We first introduce the notion of meta-rank for a 2-parameter persistence module, an invariant that captures the information behind images of morphisms between 1D slices of the module. We then define the meta-diagram of a 2-parameter persistence module to be the M\"{o}bius inversion of the meta-rank, resulting in a function that takes values from signed 1-parameter persistence modules. We show that the meta-rank and meta-diagram contain information equivalent to the rank invariant and the signed barcode. This equivalence leads to computational benefits, as we introduce an algorithm for computing the meta-rank and meta-diagram of a 2-parameter module $M$ indexed by a bifiltration of $n$ simplices in $O(n^3)$ time. This implies an improvement upon the existing algorithm for computing the signed barcode, which has $O(n^4)$ runtime. This also allows us to improve the existing upper bound on the number of rectangles in the rank decomposition of $M$ from $O(n^4)$ to $O(n^3)$. In addition, we define notions of erosion distance between meta-ranks and between meta-diagrams, and show that under these distances, meta-ranks and meta-diagrams are stable with respect to the interleaving distance.

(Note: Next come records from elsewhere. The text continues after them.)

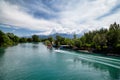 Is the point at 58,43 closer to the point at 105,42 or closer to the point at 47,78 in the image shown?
the point at 105,42

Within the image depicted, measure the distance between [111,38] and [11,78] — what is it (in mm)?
31622

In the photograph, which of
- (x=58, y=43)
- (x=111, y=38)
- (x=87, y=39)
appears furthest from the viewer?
(x=58, y=43)

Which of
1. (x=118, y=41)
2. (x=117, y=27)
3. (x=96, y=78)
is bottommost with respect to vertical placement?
(x=96, y=78)

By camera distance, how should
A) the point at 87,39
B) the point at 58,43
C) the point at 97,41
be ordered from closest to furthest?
the point at 97,41
the point at 87,39
the point at 58,43

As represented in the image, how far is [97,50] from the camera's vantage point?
4000cm

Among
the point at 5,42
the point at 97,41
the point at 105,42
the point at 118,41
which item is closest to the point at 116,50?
the point at 118,41

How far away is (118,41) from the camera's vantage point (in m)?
35.4

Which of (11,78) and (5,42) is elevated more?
(5,42)

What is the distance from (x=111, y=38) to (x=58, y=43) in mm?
35686

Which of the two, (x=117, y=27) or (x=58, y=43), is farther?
(x=58, y=43)

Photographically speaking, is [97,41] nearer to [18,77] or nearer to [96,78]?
[96,78]

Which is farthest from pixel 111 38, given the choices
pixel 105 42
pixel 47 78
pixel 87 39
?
pixel 47 78

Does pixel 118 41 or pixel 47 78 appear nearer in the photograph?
pixel 47 78

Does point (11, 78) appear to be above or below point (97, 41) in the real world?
below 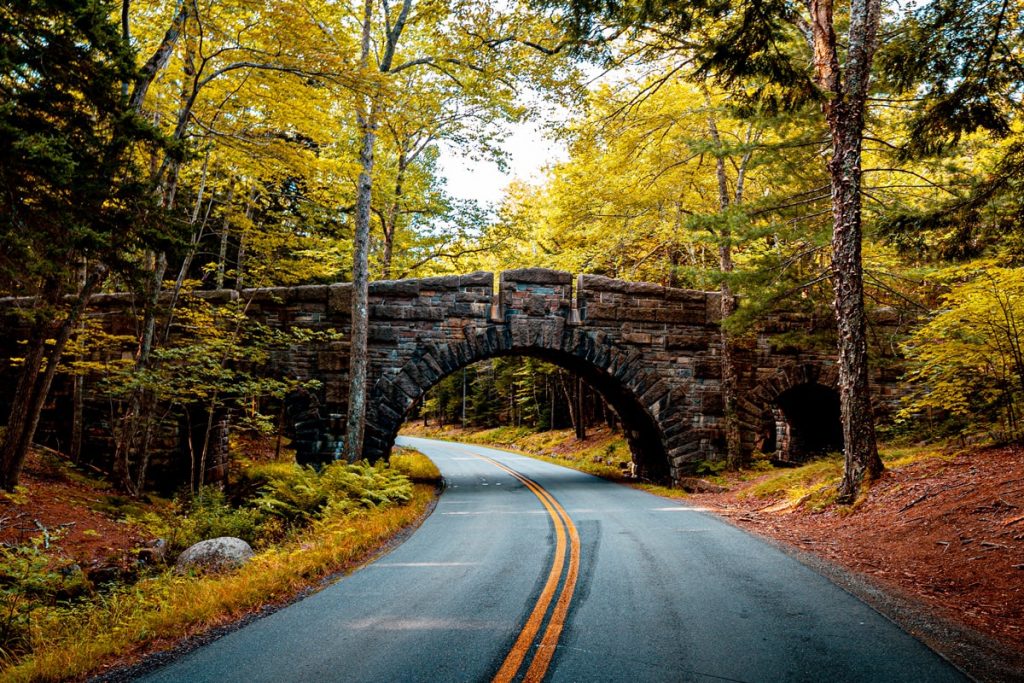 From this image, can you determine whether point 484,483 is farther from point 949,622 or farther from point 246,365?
point 949,622

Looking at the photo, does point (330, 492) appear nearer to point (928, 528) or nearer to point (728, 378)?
point (928, 528)

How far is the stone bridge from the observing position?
43.0ft

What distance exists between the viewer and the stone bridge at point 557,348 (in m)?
13.1

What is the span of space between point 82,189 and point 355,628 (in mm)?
4870

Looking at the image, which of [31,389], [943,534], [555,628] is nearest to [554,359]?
[943,534]

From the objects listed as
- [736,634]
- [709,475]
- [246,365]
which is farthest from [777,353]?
[246,365]

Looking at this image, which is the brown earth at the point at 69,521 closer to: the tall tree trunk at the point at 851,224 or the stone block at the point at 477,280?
the stone block at the point at 477,280

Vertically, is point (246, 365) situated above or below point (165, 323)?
below

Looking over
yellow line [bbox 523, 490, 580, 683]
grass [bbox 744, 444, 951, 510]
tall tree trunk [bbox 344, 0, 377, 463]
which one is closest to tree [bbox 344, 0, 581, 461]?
tall tree trunk [bbox 344, 0, 377, 463]

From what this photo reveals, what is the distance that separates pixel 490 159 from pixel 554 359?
6.03 meters

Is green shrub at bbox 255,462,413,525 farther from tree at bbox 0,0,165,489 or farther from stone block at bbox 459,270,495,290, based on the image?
tree at bbox 0,0,165,489

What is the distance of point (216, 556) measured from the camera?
22.8 feet

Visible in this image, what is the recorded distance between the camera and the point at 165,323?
12.6m

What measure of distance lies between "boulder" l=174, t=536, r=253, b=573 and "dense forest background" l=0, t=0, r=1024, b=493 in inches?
135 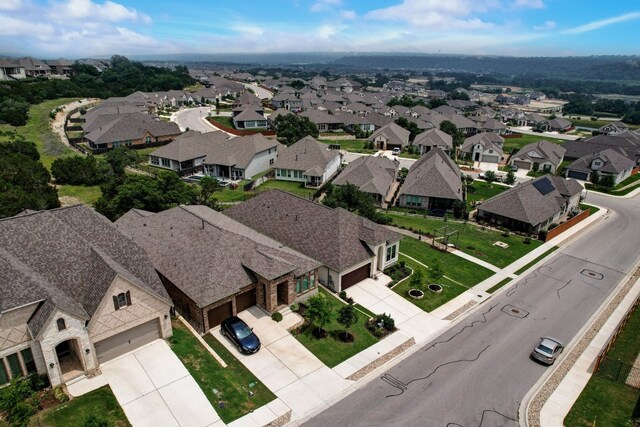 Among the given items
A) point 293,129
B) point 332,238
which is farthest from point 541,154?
point 332,238

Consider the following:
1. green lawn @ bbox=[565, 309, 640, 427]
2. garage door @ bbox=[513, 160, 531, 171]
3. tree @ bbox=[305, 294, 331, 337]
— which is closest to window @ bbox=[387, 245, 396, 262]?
tree @ bbox=[305, 294, 331, 337]

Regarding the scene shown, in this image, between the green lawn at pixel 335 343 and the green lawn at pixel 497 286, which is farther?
the green lawn at pixel 497 286

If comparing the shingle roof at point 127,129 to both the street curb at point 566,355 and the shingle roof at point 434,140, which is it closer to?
the shingle roof at point 434,140

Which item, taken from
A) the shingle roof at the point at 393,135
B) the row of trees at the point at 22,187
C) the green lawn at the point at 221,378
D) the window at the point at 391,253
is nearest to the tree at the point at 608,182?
the shingle roof at the point at 393,135

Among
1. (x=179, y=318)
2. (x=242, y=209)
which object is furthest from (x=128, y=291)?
(x=242, y=209)

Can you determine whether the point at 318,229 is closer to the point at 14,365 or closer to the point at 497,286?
the point at 497,286

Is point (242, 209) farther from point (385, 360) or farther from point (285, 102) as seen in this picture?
point (285, 102) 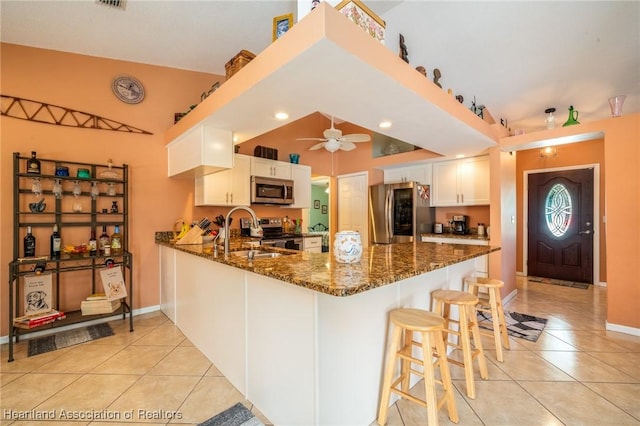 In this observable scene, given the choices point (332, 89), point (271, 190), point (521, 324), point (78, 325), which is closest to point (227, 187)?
point (271, 190)

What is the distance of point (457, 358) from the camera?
233 centimetres

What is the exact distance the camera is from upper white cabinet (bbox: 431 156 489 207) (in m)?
4.00

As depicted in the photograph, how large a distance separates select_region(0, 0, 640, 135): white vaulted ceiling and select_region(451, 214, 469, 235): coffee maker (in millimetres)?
1895

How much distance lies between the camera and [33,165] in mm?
2590

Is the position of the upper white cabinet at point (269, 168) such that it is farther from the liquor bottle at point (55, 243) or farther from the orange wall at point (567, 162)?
the orange wall at point (567, 162)

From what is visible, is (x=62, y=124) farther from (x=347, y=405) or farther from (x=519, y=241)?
(x=519, y=241)

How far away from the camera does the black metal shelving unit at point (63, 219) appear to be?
2.54 m

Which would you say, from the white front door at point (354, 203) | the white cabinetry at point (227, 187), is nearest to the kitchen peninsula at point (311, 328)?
the white cabinetry at point (227, 187)

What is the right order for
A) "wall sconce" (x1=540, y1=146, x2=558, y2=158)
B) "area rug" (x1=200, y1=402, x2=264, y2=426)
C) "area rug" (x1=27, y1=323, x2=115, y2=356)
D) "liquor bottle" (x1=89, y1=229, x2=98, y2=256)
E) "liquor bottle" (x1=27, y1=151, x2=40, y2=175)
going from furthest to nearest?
"wall sconce" (x1=540, y1=146, x2=558, y2=158)
"liquor bottle" (x1=89, y1=229, x2=98, y2=256)
"liquor bottle" (x1=27, y1=151, x2=40, y2=175)
"area rug" (x1=27, y1=323, x2=115, y2=356)
"area rug" (x1=200, y1=402, x2=264, y2=426)

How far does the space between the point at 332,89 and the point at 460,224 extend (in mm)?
3623

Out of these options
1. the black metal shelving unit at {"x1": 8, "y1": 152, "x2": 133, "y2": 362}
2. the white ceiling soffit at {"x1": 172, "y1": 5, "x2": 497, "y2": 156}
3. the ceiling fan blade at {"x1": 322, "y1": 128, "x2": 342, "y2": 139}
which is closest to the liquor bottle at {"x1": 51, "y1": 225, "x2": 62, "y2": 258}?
the black metal shelving unit at {"x1": 8, "y1": 152, "x2": 133, "y2": 362}

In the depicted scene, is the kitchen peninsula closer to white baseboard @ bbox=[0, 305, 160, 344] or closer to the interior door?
white baseboard @ bbox=[0, 305, 160, 344]

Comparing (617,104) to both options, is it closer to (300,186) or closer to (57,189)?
(300,186)

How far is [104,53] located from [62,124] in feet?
2.84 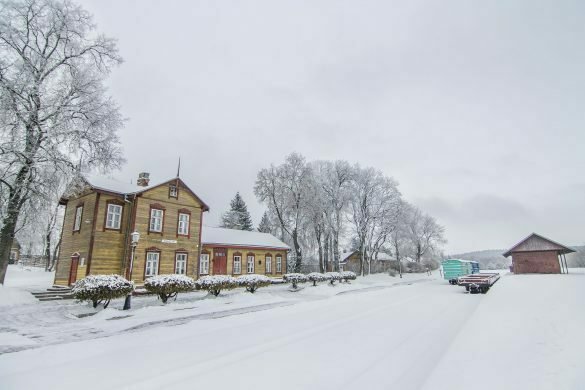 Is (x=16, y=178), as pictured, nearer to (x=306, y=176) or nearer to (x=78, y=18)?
(x=78, y=18)

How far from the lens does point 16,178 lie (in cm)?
1614

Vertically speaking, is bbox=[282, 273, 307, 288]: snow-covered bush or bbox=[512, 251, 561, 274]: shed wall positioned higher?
bbox=[512, 251, 561, 274]: shed wall

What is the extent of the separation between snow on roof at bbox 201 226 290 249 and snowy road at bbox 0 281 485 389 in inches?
727

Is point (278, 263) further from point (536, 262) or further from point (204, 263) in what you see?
point (536, 262)

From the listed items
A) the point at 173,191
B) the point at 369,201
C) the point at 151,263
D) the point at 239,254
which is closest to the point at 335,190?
the point at 369,201

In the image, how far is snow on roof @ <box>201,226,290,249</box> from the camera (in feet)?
96.0

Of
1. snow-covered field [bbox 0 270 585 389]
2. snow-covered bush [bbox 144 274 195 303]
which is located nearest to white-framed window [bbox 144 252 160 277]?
snow-covered bush [bbox 144 274 195 303]

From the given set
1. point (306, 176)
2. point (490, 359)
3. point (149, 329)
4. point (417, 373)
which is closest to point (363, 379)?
point (417, 373)

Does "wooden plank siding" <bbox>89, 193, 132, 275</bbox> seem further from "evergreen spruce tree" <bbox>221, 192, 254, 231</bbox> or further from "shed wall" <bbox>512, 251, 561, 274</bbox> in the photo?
"shed wall" <bbox>512, 251, 561, 274</bbox>

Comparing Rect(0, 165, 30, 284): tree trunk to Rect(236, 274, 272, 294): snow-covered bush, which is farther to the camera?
Rect(236, 274, 272, 294): snow-covered bush

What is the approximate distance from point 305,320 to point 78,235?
17586 mm

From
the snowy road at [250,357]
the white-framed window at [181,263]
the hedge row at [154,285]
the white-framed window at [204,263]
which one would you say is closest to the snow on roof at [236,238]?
the white-framed window at [204,263]

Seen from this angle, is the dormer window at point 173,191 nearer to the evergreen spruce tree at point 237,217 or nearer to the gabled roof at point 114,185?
the gabled roof at point 114,185

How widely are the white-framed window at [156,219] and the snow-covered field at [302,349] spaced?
31.3ft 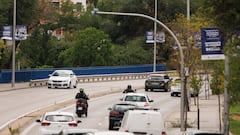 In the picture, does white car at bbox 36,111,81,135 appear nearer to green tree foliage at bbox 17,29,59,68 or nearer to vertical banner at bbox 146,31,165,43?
vertical banner at bbox 146,31,165,43

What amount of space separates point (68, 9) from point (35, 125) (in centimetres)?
7481

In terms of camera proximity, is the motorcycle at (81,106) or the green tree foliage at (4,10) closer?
the motorcycle at (81,106)

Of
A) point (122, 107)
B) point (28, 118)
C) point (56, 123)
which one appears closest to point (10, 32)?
point (28, 118)

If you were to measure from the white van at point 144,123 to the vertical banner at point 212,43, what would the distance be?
107 inches

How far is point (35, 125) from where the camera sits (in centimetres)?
3322

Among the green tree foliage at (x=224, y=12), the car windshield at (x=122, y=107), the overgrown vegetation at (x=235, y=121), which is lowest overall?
the overgrown vegetation at (x=235, y=121)

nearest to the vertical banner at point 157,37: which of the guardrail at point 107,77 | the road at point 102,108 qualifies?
the guardrail at point 107,77

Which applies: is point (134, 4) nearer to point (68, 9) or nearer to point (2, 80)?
point (68, 9)

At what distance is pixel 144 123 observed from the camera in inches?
899

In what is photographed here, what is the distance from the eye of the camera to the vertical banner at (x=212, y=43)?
22.4m

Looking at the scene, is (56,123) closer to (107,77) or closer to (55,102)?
(55,102)

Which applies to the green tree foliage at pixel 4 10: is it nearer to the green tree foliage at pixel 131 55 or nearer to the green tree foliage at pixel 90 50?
the green tree foliage at pixel 90 50

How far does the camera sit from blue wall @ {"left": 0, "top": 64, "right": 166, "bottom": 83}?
6835cm

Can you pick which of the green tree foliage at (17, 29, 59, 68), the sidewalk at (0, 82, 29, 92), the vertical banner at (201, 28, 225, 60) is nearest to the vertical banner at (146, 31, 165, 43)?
the sidewalk at (0, 82, 29, 92) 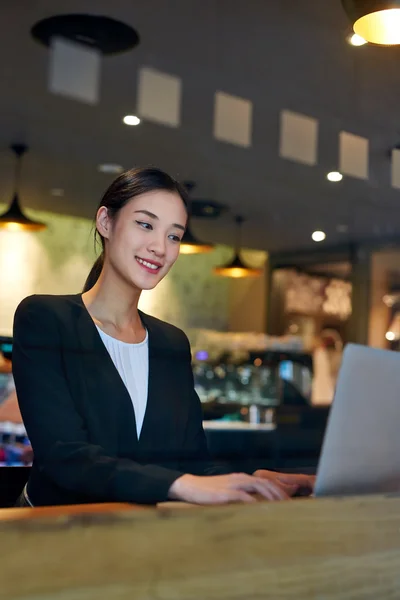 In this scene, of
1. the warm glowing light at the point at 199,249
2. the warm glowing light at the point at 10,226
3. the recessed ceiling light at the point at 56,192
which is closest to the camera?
the warm glowing light at the point at 10,226

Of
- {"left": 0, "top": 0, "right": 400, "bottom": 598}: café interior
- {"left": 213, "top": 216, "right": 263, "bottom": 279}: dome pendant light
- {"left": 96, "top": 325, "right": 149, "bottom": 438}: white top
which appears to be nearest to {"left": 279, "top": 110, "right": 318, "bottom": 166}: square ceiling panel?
{"left": 0, "top": 0, "right": 400, "bottom": 598}: café interior

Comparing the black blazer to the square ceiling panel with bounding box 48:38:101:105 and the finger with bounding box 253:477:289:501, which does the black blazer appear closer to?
the finger with bounding box 253:477:289:501

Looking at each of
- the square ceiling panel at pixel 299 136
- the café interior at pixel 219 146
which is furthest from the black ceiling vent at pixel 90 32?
the square ceiling panel at pixel 299 136

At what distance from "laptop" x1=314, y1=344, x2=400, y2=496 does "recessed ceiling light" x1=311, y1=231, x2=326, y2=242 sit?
115 inches

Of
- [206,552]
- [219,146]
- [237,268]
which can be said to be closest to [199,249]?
[237,268]

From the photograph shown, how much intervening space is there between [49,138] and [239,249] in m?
0.92

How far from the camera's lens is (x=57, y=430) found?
3.48 ft

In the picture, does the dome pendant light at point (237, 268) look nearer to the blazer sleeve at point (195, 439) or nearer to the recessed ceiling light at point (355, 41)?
the recessed ceiling light at point (355, 41)

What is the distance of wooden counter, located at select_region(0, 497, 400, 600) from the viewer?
2.22 ft

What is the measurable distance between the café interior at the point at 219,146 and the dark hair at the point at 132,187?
0.73 metres

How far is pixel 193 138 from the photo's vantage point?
9.91ft

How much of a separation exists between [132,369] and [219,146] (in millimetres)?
2161

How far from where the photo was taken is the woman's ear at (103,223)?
→ 1347mm

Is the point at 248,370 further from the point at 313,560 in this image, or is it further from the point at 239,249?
the point at 313,560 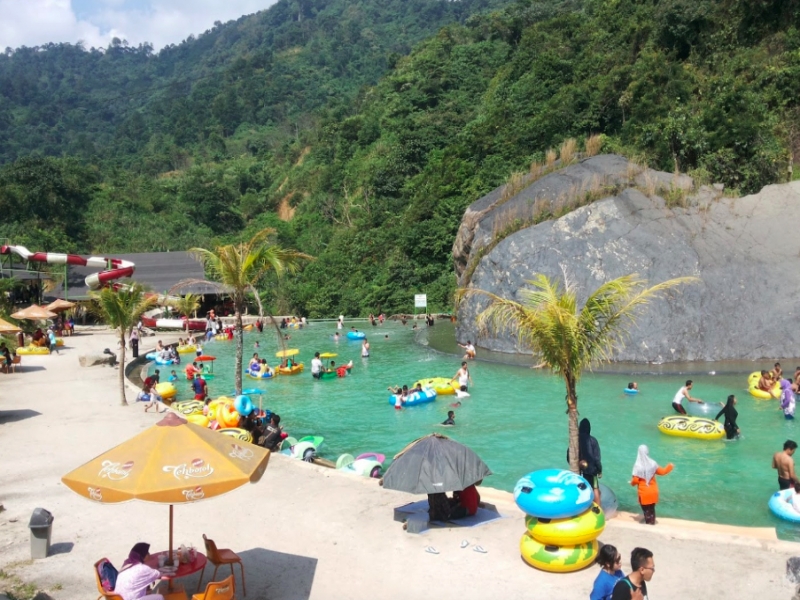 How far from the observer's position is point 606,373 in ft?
76.6

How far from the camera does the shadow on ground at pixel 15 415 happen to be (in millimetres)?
17438

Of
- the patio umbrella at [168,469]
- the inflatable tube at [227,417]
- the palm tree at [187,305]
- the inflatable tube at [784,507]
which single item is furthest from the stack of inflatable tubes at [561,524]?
the palm tree at [187,305]

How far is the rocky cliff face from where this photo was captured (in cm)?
2433

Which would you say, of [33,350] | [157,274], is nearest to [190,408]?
[33,350]

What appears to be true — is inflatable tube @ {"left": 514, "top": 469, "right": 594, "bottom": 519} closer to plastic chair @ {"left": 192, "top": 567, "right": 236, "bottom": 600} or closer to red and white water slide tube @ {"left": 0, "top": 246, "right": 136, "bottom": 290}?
plastic chair @ {"left": 192, "top": 567, "right": 236, "bottom": 600}

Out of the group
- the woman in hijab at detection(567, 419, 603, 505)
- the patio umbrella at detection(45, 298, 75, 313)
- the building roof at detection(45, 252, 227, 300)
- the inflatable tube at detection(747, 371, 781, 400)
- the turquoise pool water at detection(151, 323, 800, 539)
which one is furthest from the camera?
the building roof at detection(45, 252, 227, 300)

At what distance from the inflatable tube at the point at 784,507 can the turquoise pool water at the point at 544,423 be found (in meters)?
0.12

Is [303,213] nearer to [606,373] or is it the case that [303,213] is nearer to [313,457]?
[606,373]

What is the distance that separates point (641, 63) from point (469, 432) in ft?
96.0

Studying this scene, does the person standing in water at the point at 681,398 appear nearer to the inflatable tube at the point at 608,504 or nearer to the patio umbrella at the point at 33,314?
the inflatable tube at the point at 608,504

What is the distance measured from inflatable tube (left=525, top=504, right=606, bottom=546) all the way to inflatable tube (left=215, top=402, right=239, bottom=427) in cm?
914

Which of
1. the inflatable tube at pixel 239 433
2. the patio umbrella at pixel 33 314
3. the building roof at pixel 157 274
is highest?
the building roof at pixel 157 274

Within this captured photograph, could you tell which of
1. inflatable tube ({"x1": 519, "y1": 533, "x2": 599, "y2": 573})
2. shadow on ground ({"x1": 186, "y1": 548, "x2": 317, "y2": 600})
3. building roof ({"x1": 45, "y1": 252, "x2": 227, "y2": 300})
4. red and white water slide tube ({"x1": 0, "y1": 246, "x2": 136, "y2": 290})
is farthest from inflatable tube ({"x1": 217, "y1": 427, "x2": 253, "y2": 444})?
building roof ({"x1": 45, "y1": 252, "x2": 227, "y2": 300})

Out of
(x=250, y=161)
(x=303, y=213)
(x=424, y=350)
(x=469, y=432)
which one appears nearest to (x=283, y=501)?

Lastly, the meta-diagram can be visualized in an intuitive fashion as a persistence diagram of diagrams, which generalizes the well-understood persistence diagram in the 1-parameter setting.

翻译：我们首先引入2-参数持久性模的元秩概念，该不变量捕捉了模的1维切片之间态射像背后的信息。进而将2-参数持久性模的元图定义为元秩的Möbius反演，得到一个取值为带符号1-参数持久性模的函数。我们证明元秩和元图包含的信息等价于秩不变量和带符号条形码。这一等价性带来了计算优势，我们提出一种算法，可在$O(n^3)$时间内计算由$n$个单纯形双过滤索引的2-参数模$M$的元秩和元图。这改进了现有带符号条形码算法（时间复杂度为$O(n^4)$），同时将$M$的秩分解中矩形数量的上界从$O(n^4)$改进为$O(n^3)$。此外，我们定义了元秩之间和元图之间的侵蚀距离概念，并证明在这些距离下，元秩和元图关于交错距离具有稳定性。最后，元图可直观地可视化为图的持久性图，推广了1-参数设定中广为人知的持久性图。